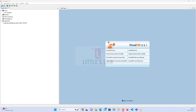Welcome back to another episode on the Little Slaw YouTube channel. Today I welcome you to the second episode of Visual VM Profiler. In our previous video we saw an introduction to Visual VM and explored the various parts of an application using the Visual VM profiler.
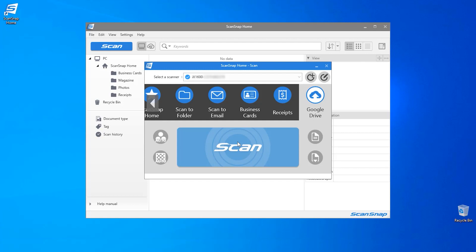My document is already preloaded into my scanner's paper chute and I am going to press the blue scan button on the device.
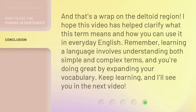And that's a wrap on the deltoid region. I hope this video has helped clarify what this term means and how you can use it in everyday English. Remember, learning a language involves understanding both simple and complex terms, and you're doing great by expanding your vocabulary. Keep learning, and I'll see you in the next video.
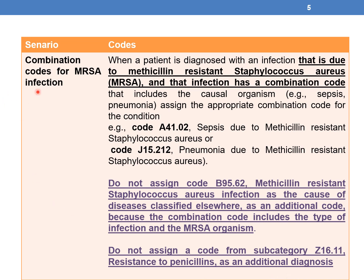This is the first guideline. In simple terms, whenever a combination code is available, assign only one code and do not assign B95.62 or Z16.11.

==

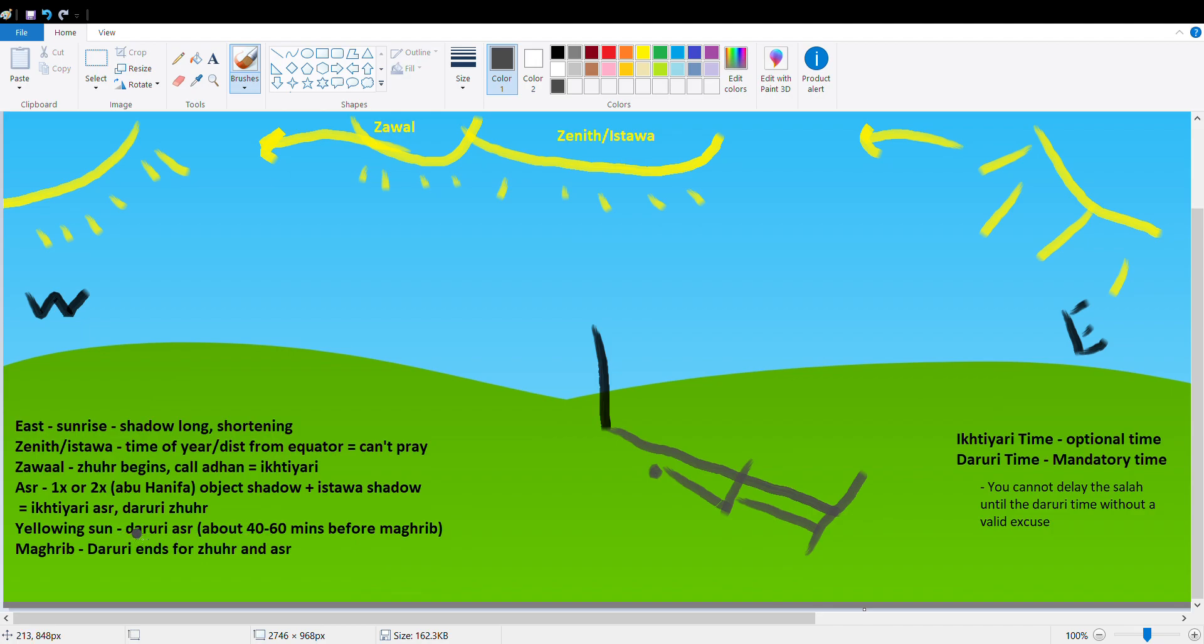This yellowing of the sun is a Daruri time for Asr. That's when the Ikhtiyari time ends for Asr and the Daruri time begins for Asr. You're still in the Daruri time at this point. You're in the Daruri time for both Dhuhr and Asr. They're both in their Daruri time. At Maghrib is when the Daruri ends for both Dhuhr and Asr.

---

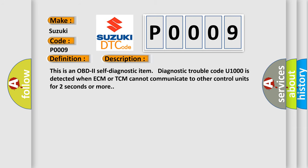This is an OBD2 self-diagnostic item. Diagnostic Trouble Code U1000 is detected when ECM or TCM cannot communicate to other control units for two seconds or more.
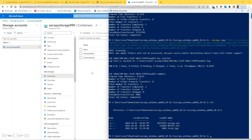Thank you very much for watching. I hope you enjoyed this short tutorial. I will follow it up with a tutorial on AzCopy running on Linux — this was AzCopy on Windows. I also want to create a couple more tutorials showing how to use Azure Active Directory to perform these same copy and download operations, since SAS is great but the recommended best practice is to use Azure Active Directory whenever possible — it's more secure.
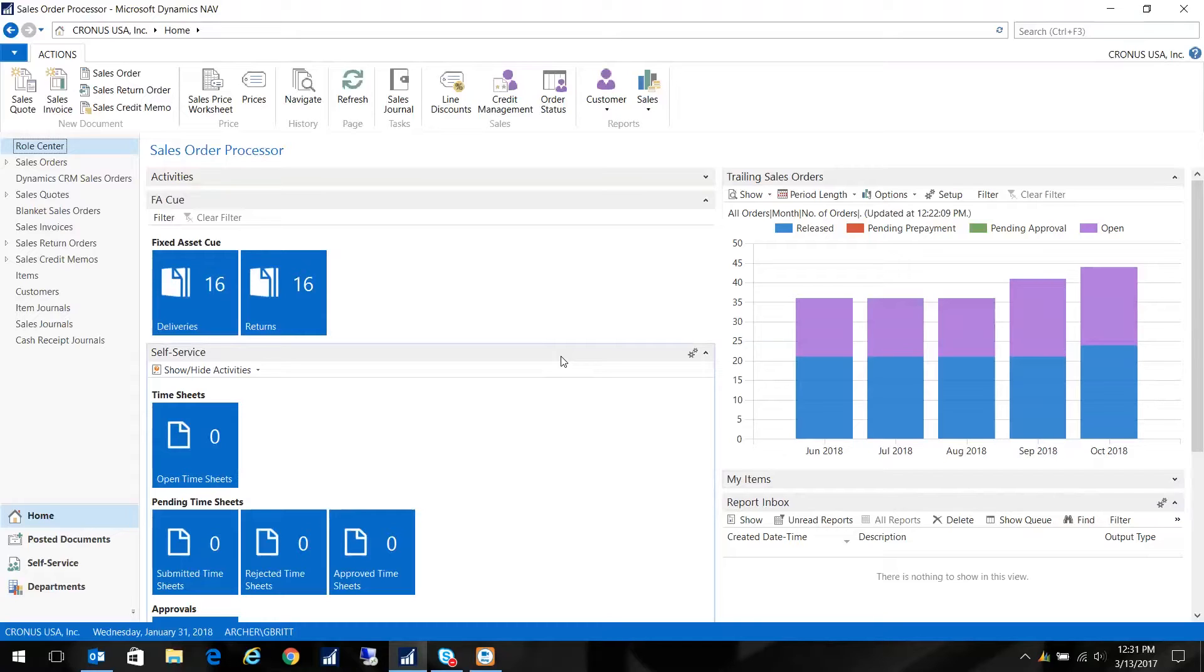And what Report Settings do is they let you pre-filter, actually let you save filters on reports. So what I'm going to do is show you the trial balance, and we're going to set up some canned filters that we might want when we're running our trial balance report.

→ **Work to be completed**
In the listing above, find the line containing "My document is" and the line containing "This is the", then write out both of them and every line between, exactly, with no pictures.

→ **Completed exercise**
My document is already preloaded into my scanner's paper chute and I am going to press the blue scan button on the device.
And that's a wrap on the deltoid region. I hope this video has helped clarify what this term means and how you can use it in everyday English. Remember, learning a language involves understanding both simple and complex terms, and you're doing great by expanding your vocabulary. Keep learning, and I'll see you in the next video.
This is the first guideline. In simple terms, whenever a combination code is available, assign only one code and do not assign B95.62 or Z16.11.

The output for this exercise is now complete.